Den Teilnehmern des Kochkurses, den die KAB St. Georg in Haldern angeboten hatte, machte das allerdings wenig aus. Man wusste sich zu behelfen und teilte die Arbeiten auf. An fünf Abenden trafen sich Männer und Frauen, um vielleicht ihrem neuen gemeinsamen Hobby zu frönen. „Kulinarisch wertvoll“ hieß der Kurs, den Bildungsreferentin Hildegard Telaak leitete. Sie kümmerte sich auch um die jeweiligen Zutaten, kaufte ein und legte die Rezepte vor, die dann innerhalb von einer Stunde zubereitet werden mussten.

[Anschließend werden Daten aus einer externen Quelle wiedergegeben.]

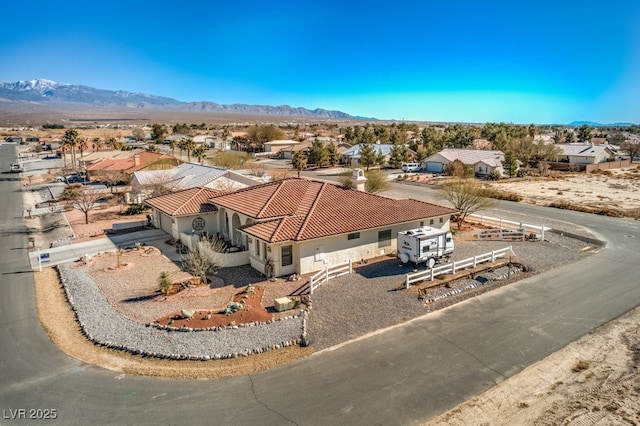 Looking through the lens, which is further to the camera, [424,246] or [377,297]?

Essen als Weiterbildung, da sprangen einige ins Boot, um mit gutem Gewissen am Ende auch genießen zu können. Beim ersten Abend war die Suppe ein Schwerpunkt. Ob Spargel- oder Spinatsuppe, alles wurde verköstigt. Schnitzelparade hieß es dann am zweiten Abend, um Salate ging es in der dritten Runde. Natürlich durfte auch der Fisch nicht fehlen.
Zuletzt stand dann Pesto Pesto auf dem Speiseplan. Es gab grüne Bohnen, Blumenkohl, Rindfleisch und Kartoffelbällchen. Doch neben dem schmackhaften Essen erfuhren die zehn Teilnehmer auch noch etwas darüber, wie man frische Lebensmittel erkennt und wie man preiswert einkaufen kann. Für Ewald Krebbing war es der erste Kochkurs. Er hatte daran so viel Freude, dass er an Fronleichnam gleich einen Teil der Familie - immerhin neun Personen - bekocht hat.
Wahrscheinlich wird es im nächsten jahr einen Nachfolgekurs geben, bei dem alle Teilnehmer sofort wieder an den Kochtöpfen und Pfannen stehen würden.